PROMPT:
Please retype the records below exactly, from the first line through the line containing "春日将至原著小说漫画,第17章：衣服2图", and leave out any pictures.

┄┄┄┄┄┄┄┄┄┄┄┄┄┄┄┄┄┄┄┄

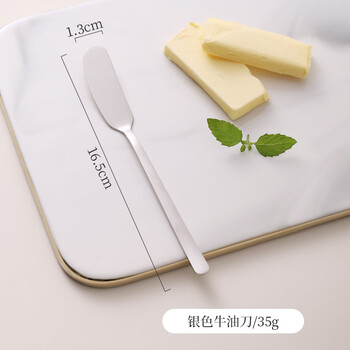 Kawashimaya stainless steel butter knife jam spatula cheese butter peanut butter toast bagel spread knife silver butter knife
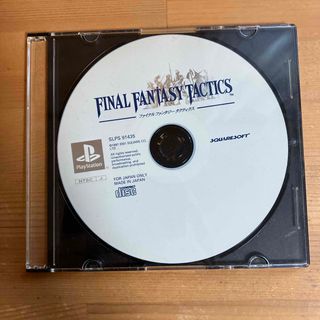 ファイナルファンタジー　タクティクス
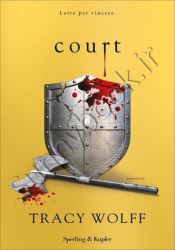 Court (Crave Book 4) thumb 1 1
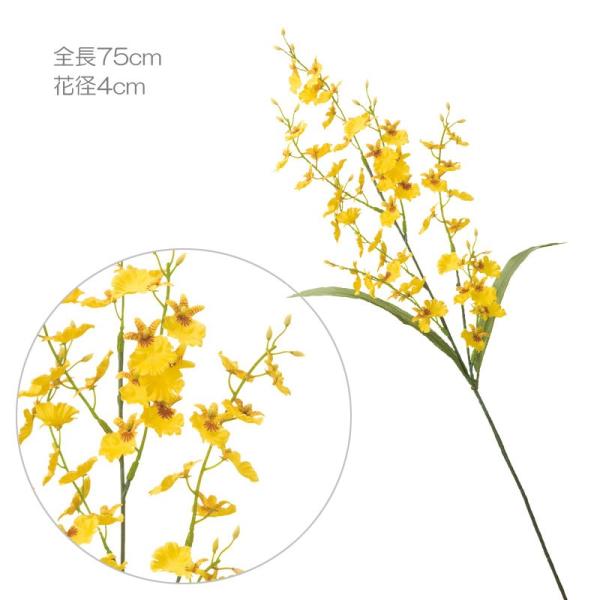 造花 アートフラワー)オンシジューム　イエロー(DMFG2023/63)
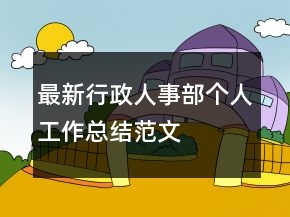 最新行政人事部個人工作總結(jié)范文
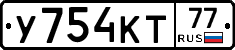 У754КТ77 - 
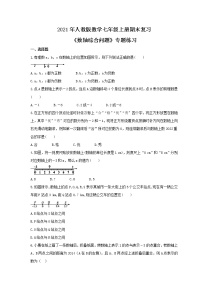 2021年人教版数学七年级上册期末复习《数轴综合问题》专题练习（含答案）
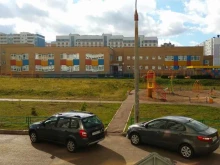 Детские сады Планета детства в Набережных Челнах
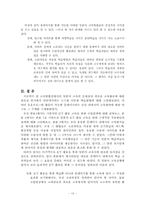 [인터넷활용교육]ICT활용을 통한 일본어교육방안-홈페이지 적용방안 중심-13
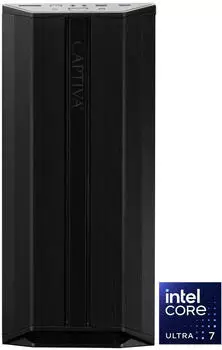 Captiva Workstation I10-0543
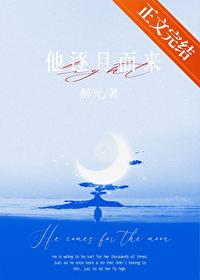 通灵卷轴有什么用 通灵卷轴有什么用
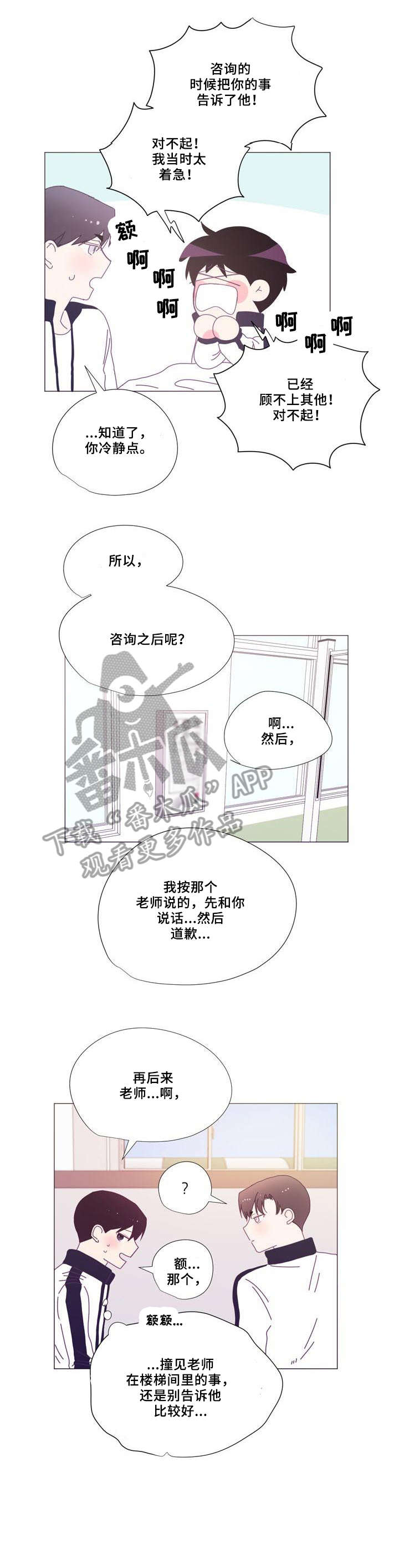 春日将至原著小说漫画,第17章：衣服2图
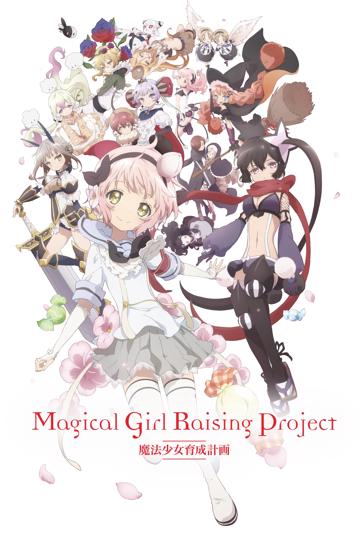 Magical Girl Raising Project poszter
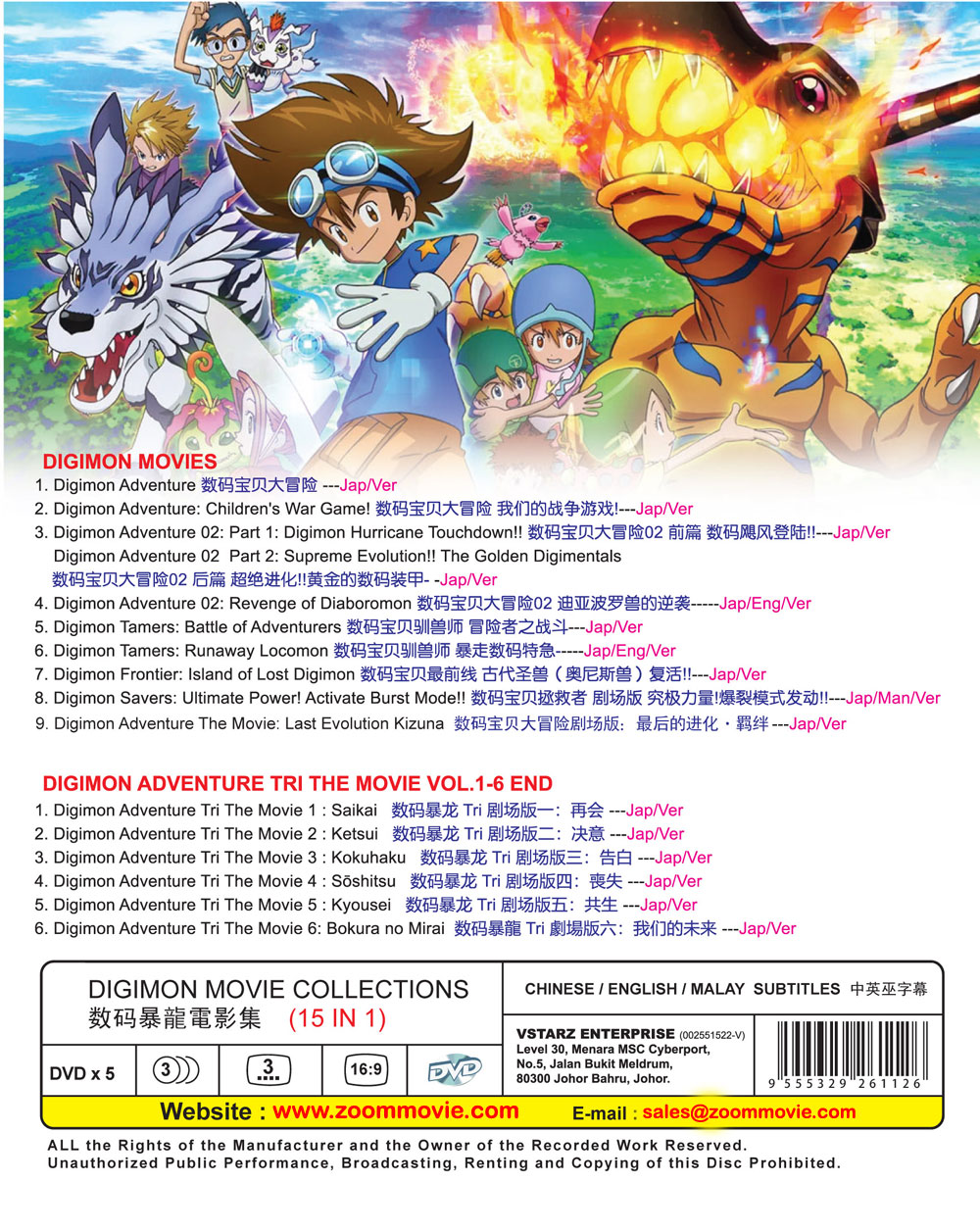 DVD DIGIMON ADVENTURE TRI THE MOVIE 1 : SAIKAI English SUB All Region  Tracking
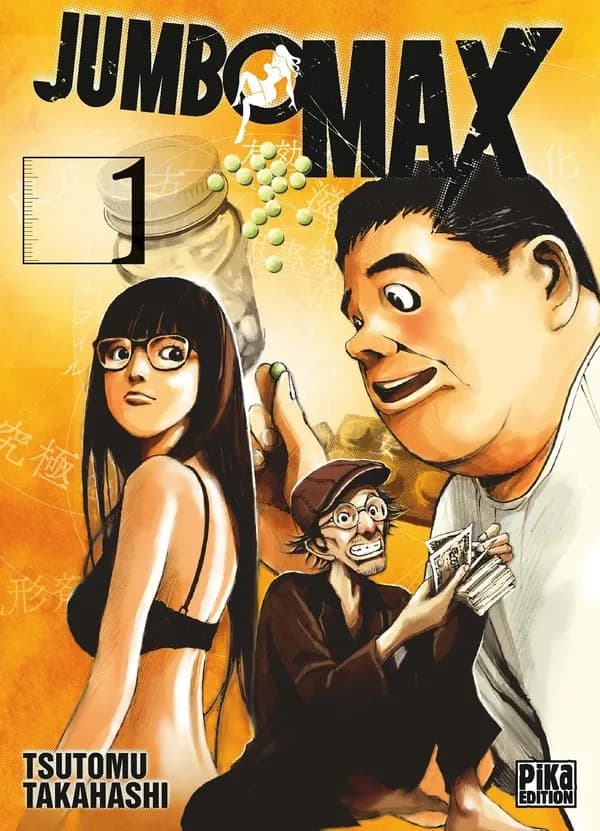 Jumbo Max. 1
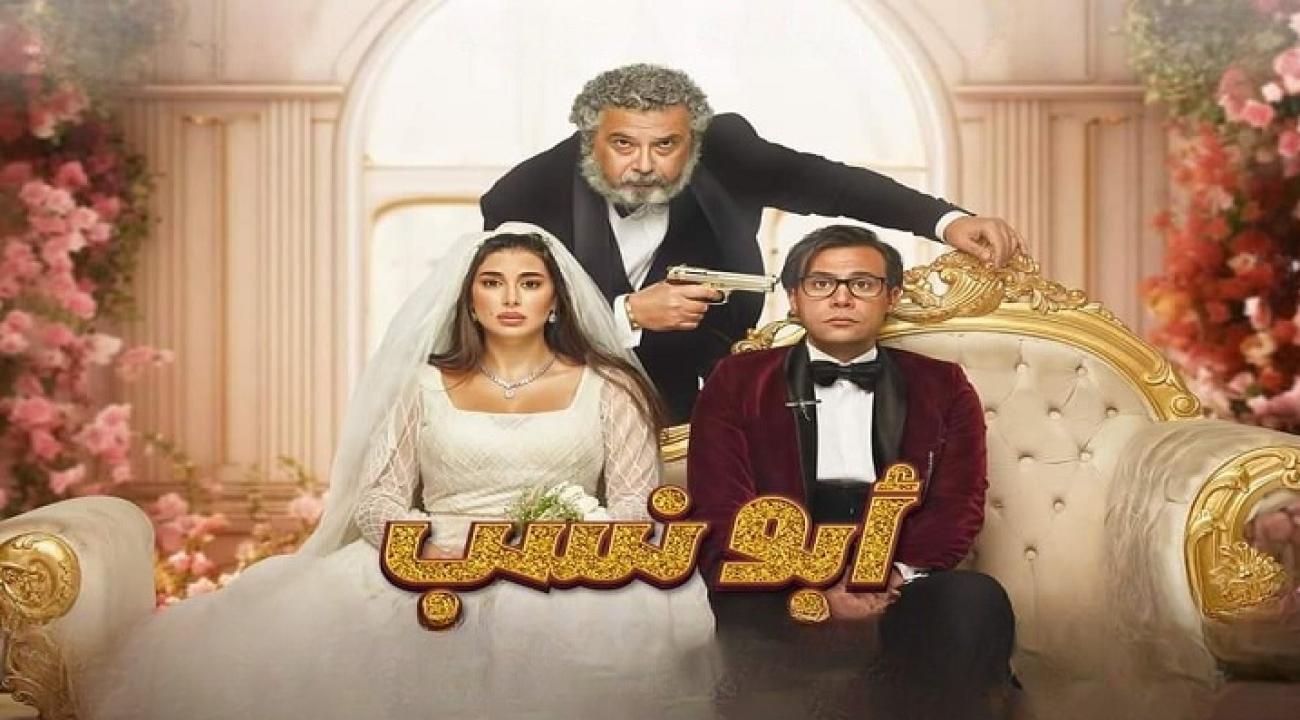 مشاهدة فيلم أبو نسب 2023 كامل HD اونلاين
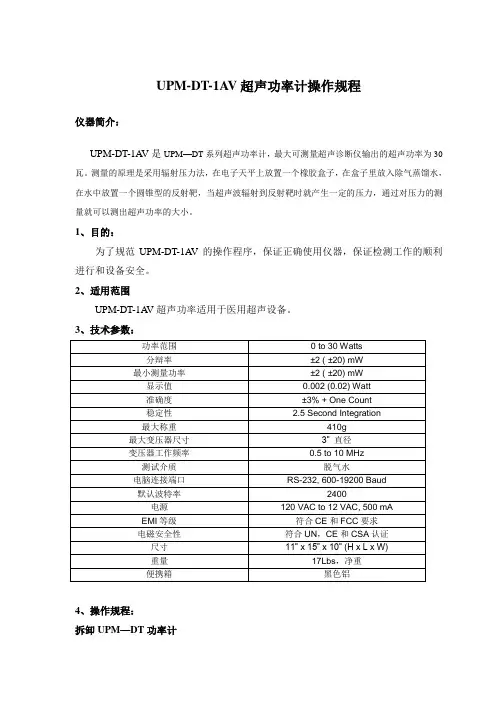 UPM-DT-1AV超声功率计操作规程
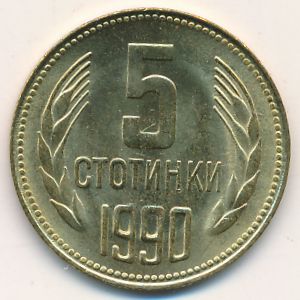 Болгария, 5 стотинок (1990 г.)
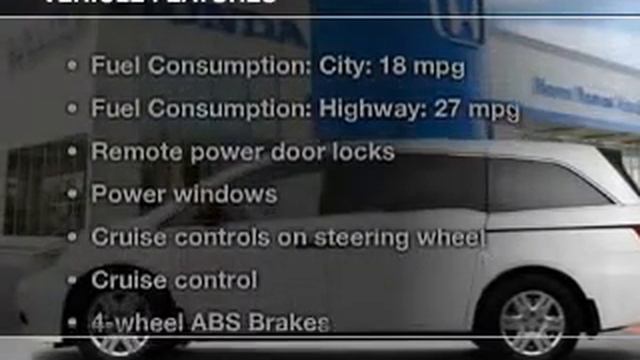 2013 Honda Odyssey - Cerritos CA смотреть онлайн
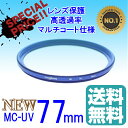 レンズ保護フィルター 77mm プロテクター レンズフィルター『ブルー』MC UV MC-UV ドレスアップ フィルター【薄枠設計】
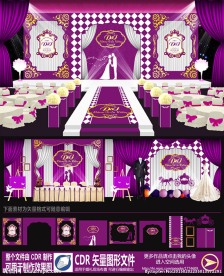 紫色欧式主题婚庆婚礼设计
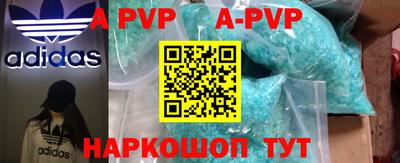 стафф Моздок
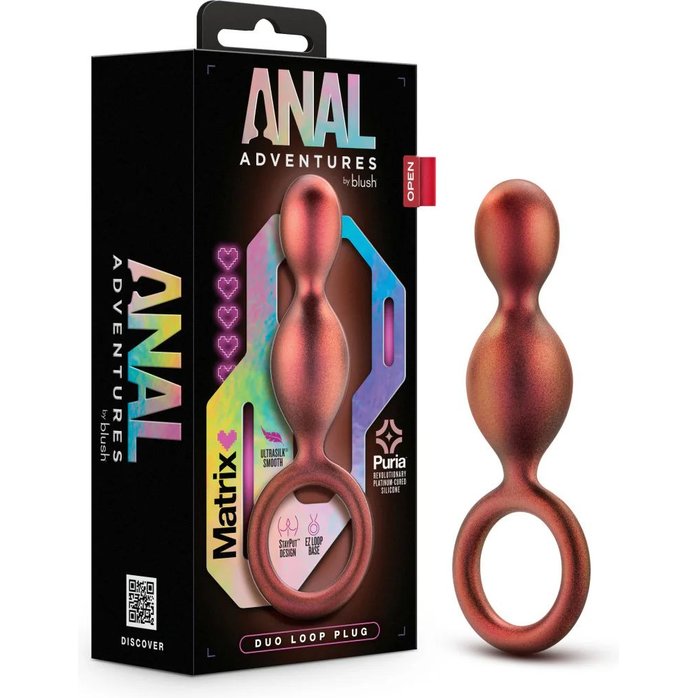 Коричневый анальный стимулятор Duo Loop Copper Anal Plug - 13,3 см. Фотография 5.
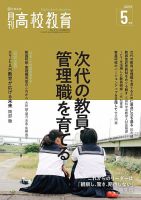 月刊高校教育 5月号 表紙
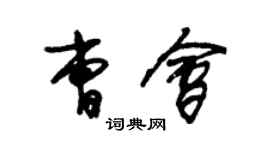 朱錫榮曹會草書個性簽名怎么寫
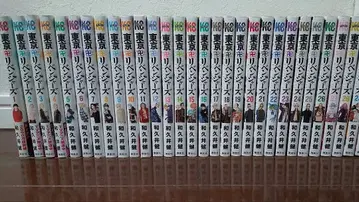 도쿄 리벤저스 전 31권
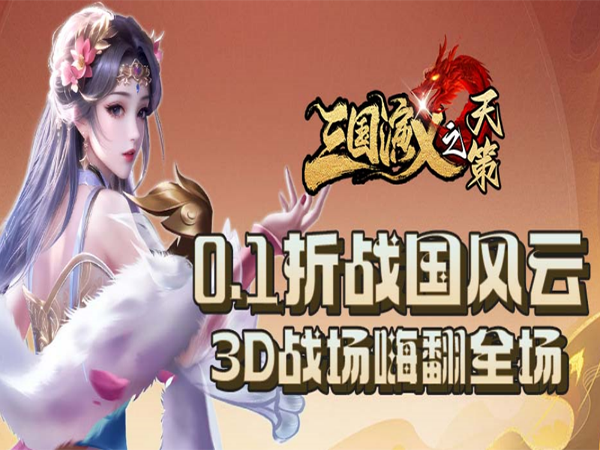 三国演义之天策最新可用礼包兑换码大全2025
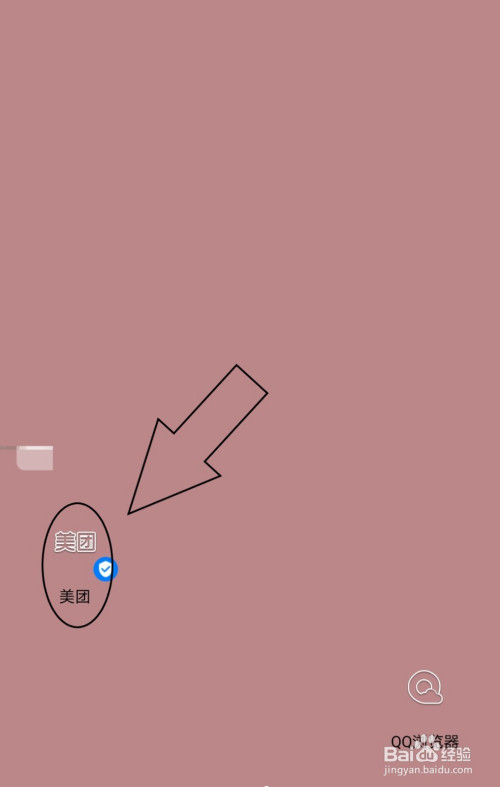 今天分享美团中如何知道个人是否实名认证。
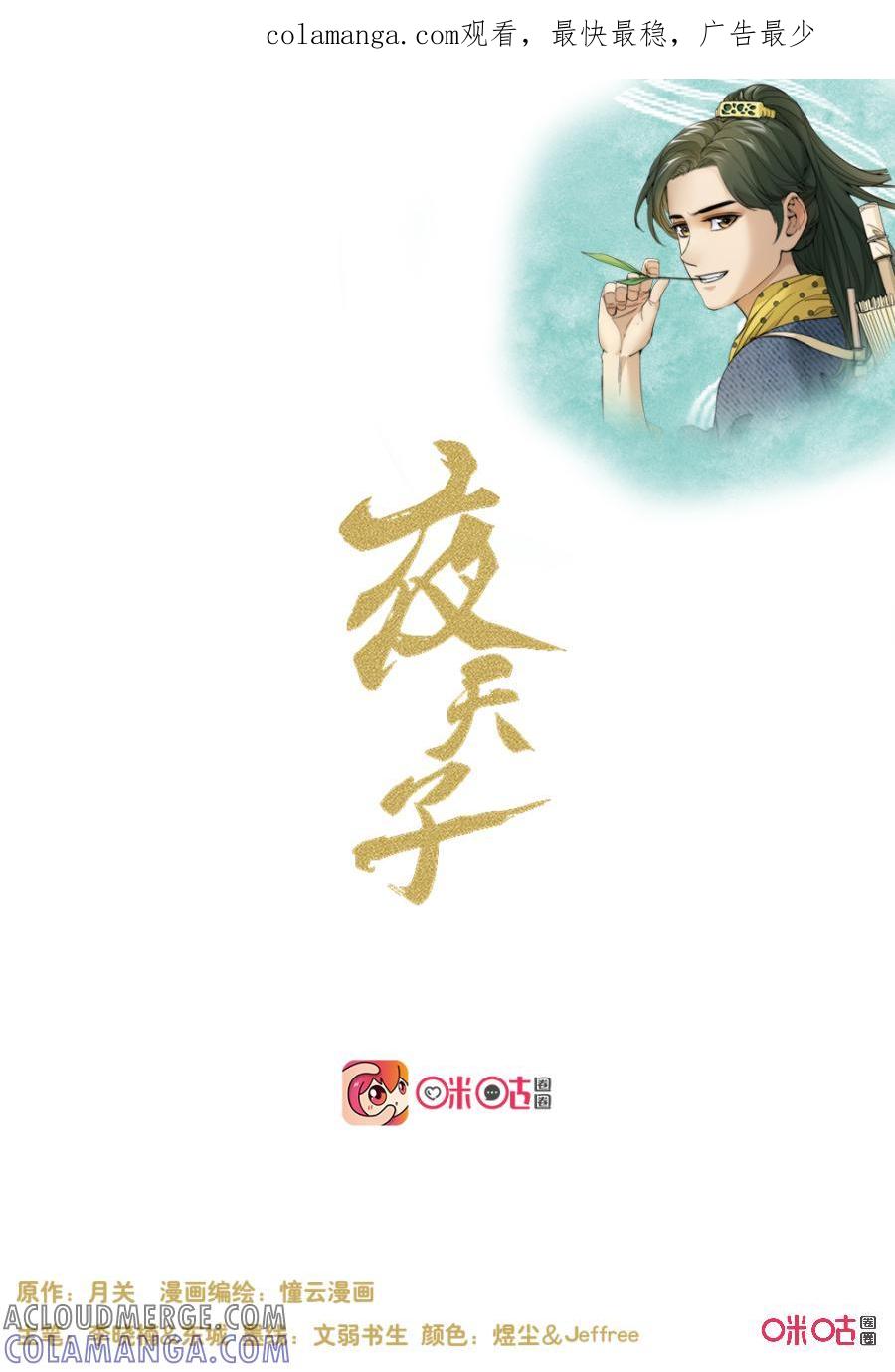 《夜天子》第117话：酒后真言 第1页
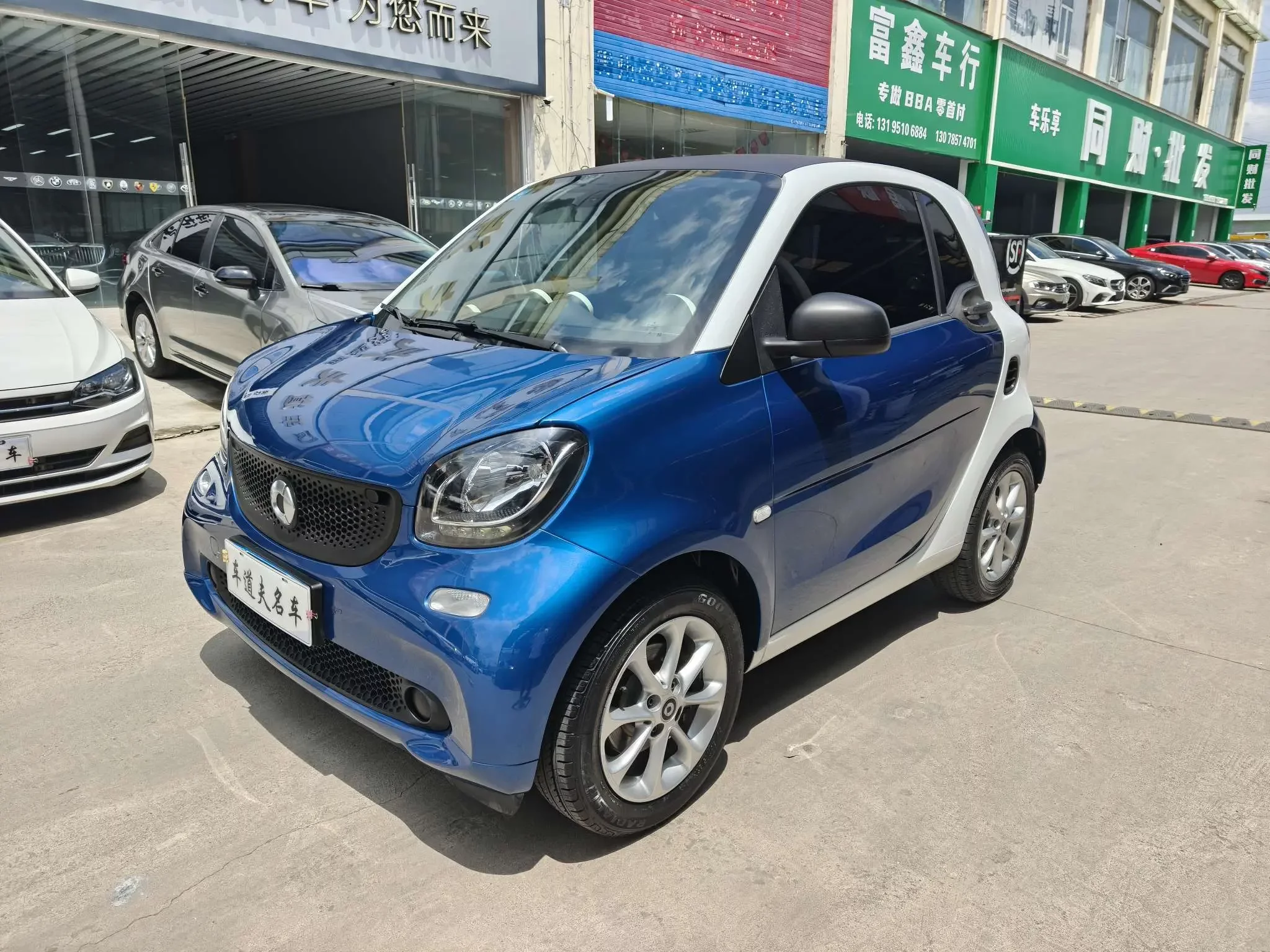 Smart fortwo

┄┄┄┄┄┄┄┄┄┄┄┄┄┄┄┄┄┄┄┄

FINISHED EXERCISE:
 Kawashimaya stainless steel butter knife jam spatula cheese butter peanut butter toast bagel spread knife silver butter knife
 ファイナルファンタジー　タクティクス
 Court (Crave Book 4) thumb 1 1
 造花 アートフラワー)オンシジューム　イエロー(DMFG2023/63)
 最新行政人事部個人工作總結(jié)范文
 У754КТ77 - 
 2021年人教版数学七年级上册期末复习《数轴综合问题》专题练习（含答案）
 Детские сады Планета детства в Набережных Челнах
 [인터넷활용교육]ICT활용을 통한 일본어교육방안-홈페이지 적용방안 중심-13
 Captiva Workstation I10-0543
 通灵卷轴有什么用 通灵卷轴有什么用
 春日将至原著小说漫画,第17章：衣服2图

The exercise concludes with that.